▼

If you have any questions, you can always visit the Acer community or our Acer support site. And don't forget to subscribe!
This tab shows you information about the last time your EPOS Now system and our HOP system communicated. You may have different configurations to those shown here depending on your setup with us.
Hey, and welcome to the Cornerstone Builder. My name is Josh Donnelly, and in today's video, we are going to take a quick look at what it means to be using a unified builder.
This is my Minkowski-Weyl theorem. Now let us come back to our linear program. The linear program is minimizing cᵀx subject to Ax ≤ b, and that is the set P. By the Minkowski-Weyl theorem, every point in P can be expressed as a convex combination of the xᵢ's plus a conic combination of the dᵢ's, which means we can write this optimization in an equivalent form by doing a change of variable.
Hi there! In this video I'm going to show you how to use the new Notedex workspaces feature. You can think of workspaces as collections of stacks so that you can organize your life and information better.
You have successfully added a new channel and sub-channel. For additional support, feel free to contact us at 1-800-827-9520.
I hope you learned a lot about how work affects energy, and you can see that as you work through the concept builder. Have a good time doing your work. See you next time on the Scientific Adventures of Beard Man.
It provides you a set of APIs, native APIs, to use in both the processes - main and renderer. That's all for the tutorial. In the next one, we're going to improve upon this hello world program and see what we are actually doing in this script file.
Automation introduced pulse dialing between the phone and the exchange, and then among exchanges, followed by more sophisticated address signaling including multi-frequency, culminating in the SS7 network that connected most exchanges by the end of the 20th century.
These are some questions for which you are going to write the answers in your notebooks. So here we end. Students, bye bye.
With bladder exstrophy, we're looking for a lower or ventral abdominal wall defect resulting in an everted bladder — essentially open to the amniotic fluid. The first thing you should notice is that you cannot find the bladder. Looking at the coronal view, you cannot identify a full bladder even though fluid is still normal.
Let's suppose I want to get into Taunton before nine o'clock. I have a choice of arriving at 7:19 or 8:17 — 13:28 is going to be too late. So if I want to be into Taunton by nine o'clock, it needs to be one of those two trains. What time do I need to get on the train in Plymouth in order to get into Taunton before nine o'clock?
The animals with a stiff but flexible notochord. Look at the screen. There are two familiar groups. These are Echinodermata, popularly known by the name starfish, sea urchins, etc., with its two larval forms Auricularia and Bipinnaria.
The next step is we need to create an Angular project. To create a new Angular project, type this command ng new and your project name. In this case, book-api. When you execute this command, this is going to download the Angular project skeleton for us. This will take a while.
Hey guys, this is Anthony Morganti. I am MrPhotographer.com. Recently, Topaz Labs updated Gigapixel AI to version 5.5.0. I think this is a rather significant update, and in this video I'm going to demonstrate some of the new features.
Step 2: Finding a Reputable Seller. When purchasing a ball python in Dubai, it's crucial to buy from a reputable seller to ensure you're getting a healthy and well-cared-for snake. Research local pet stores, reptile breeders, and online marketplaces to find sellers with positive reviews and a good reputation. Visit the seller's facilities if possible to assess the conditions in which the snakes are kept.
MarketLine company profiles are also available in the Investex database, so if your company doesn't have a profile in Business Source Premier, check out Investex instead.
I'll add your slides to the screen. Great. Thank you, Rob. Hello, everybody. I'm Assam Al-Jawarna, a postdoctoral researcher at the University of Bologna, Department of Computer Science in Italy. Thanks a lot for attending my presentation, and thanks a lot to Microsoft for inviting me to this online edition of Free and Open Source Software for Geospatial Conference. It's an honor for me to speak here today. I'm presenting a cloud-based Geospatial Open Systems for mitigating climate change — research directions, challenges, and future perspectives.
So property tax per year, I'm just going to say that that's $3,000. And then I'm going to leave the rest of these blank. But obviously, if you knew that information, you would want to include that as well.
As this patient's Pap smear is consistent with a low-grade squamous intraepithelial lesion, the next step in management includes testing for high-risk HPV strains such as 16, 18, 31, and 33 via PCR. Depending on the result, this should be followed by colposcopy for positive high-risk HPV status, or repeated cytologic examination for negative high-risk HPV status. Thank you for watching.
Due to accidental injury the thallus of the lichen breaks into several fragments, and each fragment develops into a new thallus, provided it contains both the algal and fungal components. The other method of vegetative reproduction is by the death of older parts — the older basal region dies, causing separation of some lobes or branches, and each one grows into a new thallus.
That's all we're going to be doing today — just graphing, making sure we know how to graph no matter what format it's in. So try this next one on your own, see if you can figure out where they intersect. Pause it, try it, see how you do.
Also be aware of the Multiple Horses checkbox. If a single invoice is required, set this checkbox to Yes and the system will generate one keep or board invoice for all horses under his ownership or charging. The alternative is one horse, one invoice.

▲

__WHAT IS EXPECTED__: Above are some records; copy exactly the lines from the one with "This tab shows" through the one with "Hey, and welcome", both included, and no others.

__OUTPUT OF THE EXERCISE__:
This tab shows you information about the last time your EPOS Now system and our HOP system communicated. You may have different configurations to those shown here depending on your setup with us.
Hey, and welcome to the Cornerstone Builder. My name is Josh Donnelly, and in today's video, we are going to take a quick look at what it means to be using a unified builder.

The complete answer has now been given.